Contraindications of betadine

Betadine should not be used in the following cases because of possible side effects:

  • History of allergy to iodine.
  • There are thyroid disorders, especially goiter, circulating goiter and Hashimoto thyroiditis.
  • Pregnancy and lactation because betadine can affect thyroid development, cause thyroid disorders in children.
  • In case of eardrums or direct use on the meninges, the cavity is severely damaged.
  • Young children under 2 years old, especially infants, preterm, low birth weight (less than 1.5 kg) can cause hypothyroidism.
  • Caution should be exercised when using betadine: in cases of frequent betadine use, in patients with renal impairment or under lithium treatment.

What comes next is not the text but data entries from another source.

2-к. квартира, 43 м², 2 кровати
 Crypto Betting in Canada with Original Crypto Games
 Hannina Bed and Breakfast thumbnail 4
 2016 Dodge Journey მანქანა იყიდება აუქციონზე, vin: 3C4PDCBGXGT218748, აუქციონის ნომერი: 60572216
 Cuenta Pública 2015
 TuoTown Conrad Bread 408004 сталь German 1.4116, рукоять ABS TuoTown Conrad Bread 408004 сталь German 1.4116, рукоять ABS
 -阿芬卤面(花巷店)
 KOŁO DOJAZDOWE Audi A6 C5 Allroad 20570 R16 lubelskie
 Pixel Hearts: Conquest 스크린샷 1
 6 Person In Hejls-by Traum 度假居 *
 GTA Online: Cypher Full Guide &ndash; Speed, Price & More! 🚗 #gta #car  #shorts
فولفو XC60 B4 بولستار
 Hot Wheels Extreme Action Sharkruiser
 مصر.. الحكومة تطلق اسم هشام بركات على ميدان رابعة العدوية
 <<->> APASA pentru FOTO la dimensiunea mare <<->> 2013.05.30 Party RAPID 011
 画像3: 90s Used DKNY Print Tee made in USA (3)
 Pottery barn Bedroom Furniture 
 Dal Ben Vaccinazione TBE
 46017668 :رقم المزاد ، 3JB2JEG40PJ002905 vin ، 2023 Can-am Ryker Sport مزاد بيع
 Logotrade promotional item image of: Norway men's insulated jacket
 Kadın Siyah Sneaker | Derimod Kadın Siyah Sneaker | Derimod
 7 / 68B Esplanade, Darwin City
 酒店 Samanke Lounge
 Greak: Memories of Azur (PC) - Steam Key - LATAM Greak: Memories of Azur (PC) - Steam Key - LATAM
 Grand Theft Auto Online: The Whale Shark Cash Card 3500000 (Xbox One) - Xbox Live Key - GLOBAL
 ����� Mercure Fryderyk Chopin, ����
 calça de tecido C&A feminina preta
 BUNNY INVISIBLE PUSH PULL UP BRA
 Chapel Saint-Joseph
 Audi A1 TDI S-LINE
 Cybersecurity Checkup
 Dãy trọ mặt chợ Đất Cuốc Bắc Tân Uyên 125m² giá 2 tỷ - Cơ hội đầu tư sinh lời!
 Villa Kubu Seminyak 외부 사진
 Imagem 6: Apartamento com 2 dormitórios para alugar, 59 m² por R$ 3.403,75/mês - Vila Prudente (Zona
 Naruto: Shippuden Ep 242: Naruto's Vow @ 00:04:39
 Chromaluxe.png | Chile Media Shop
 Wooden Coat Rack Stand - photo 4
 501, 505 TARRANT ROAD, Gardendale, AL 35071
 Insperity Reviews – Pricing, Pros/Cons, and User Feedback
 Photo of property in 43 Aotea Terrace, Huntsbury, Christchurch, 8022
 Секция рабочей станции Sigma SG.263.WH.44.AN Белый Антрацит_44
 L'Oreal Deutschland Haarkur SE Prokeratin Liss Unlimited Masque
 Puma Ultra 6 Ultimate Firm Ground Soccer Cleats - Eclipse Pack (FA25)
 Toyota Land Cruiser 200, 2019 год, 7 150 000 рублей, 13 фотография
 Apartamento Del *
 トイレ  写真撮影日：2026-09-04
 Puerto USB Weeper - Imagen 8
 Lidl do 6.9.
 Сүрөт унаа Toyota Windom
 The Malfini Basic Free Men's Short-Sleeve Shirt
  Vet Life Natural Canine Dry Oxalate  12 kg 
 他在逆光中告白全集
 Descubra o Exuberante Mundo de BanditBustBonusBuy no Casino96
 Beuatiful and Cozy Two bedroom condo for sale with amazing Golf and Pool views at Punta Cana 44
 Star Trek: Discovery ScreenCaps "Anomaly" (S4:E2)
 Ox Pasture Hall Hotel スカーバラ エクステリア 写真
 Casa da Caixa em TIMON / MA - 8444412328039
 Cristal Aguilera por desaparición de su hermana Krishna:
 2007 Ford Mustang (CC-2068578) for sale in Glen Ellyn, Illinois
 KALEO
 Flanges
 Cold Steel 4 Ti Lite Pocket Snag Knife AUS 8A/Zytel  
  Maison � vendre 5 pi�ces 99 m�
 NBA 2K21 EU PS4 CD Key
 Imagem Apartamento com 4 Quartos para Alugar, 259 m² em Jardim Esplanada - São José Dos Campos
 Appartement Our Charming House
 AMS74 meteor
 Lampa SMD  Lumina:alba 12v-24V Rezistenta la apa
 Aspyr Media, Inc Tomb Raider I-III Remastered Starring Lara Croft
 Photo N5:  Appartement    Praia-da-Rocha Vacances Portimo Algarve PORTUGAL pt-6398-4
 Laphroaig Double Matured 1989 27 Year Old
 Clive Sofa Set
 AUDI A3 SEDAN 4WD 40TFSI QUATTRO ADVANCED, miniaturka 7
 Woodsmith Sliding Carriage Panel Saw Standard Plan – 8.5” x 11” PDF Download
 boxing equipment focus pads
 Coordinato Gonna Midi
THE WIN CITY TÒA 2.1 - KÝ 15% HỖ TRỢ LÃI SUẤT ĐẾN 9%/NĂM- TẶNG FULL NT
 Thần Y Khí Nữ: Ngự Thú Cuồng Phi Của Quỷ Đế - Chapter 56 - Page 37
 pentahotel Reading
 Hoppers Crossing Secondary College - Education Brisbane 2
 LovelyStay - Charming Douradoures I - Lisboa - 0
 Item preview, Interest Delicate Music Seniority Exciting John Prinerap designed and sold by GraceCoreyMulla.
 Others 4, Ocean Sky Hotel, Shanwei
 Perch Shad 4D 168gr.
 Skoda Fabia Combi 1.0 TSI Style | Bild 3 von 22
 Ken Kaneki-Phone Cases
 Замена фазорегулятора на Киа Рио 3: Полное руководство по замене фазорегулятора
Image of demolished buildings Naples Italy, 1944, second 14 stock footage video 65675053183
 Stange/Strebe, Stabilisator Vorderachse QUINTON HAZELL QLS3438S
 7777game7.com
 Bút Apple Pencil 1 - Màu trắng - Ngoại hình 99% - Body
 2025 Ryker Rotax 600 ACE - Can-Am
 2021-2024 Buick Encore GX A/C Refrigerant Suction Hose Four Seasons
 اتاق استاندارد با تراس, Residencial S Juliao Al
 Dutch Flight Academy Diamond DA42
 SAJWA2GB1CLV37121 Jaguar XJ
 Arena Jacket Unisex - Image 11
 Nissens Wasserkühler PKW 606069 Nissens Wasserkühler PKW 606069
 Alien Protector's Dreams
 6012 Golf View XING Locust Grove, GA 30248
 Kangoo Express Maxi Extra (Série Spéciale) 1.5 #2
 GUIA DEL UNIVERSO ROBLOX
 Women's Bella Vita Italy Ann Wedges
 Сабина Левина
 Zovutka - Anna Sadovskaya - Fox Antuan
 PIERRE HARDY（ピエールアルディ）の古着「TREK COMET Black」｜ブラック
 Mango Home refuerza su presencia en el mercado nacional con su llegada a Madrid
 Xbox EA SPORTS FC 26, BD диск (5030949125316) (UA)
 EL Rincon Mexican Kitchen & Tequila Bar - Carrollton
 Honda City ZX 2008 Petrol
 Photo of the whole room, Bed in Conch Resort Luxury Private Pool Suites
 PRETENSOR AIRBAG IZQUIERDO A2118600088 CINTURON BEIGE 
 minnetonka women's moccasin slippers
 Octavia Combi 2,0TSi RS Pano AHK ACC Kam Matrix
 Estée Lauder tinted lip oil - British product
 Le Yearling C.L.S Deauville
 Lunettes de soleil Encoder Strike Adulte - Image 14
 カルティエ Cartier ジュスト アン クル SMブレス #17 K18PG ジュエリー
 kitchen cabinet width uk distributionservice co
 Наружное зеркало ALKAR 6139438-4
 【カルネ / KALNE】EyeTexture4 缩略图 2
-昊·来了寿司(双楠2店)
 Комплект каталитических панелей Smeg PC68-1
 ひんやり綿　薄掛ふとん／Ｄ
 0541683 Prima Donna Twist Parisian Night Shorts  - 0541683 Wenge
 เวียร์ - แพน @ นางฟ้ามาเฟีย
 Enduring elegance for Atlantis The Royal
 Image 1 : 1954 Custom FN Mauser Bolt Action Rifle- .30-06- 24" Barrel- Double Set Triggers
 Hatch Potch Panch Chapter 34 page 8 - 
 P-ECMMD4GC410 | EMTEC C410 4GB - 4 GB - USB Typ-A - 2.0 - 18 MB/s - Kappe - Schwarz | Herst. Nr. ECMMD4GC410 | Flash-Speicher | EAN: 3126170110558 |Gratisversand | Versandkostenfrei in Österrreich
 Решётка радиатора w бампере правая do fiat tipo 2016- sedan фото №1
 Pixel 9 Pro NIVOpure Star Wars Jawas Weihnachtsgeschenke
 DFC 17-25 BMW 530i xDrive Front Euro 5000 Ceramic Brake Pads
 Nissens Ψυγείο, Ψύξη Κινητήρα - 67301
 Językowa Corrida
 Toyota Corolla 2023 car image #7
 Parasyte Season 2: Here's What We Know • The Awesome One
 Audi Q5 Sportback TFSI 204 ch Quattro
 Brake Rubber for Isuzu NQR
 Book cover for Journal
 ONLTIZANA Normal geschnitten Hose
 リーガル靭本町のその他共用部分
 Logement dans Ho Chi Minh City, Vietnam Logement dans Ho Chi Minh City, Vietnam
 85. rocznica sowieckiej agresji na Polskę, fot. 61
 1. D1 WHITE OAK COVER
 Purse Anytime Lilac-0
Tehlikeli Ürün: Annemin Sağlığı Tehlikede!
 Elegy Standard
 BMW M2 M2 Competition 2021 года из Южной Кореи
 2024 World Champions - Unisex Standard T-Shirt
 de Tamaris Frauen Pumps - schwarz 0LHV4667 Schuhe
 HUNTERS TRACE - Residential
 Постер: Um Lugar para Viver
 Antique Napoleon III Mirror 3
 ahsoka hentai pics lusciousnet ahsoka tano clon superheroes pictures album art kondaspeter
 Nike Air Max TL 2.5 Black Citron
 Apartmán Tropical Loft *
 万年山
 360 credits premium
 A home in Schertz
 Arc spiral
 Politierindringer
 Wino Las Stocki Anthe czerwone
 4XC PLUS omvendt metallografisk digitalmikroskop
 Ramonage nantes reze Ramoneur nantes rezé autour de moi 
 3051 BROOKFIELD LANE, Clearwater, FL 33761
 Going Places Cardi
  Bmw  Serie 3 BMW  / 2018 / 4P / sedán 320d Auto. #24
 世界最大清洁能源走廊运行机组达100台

Picture 4 of Betadine - Antiseptic with many uses, high efficiency

Picture 4 of Betadine - Antiseptic with many uses, high efficiency

Dosage and administration of some common betadine preparations

Betadine is mainly used on the spot and outside the body. The dose depends on the type of drug and the concentration as well as the position on the body and the infection status.

Betadine solution 10%

For adults and children over 2 years old.

Apply 10% betadine solution to the skin to kill pathogenic bacteria and prevent bacterial growth. Apply 2 times a day and can apply clean gauze to the lesion for better results.

Dry powder to spray 2.5%

For adults and children over 2 years old.

Shake the betadine vial thoroughly before use, spray the area of ​​the lesion from a distance of 15 to 20 cm until the powder is covered and can apply to the wound. Do not spray betadine into the mucosal cavities.

Mouthwash solution 1%

For adults and children over 6 years old

Use betadine solution without dilution or dilute half with warm water. Each mouthwash is about 10 ml for about 30 seconds, absolutely do not swallow. Can gargle 4 times a day and may last up to 14 days.

200mg vaginal tablets

For adults.

Put morning and evening, 1 tablet at a time, use continuously for 14 days. Before placing deep in the vagina, the pill must be moistened with clean water so that the medicine diffuses well and does not cause local irritation. Still continue to use when menstruation is in progress.

Drug interactions

If you are taking other drugs, betadine may alter other drug effects or change its effect itself. Tell your treating doctor about all the medicines you are taking so that your doctor can check for drug interactions for you. Betadine can often interact with drugs: Chlorhexidine or silver sulphadiazine so you should not share betadine with these drugs.

Note: Information on drugs and brand names on Khoahoc.tv Website is for reference only. Consult your doctor before deciding to treat any medicine to bring about good and safe effects for your health.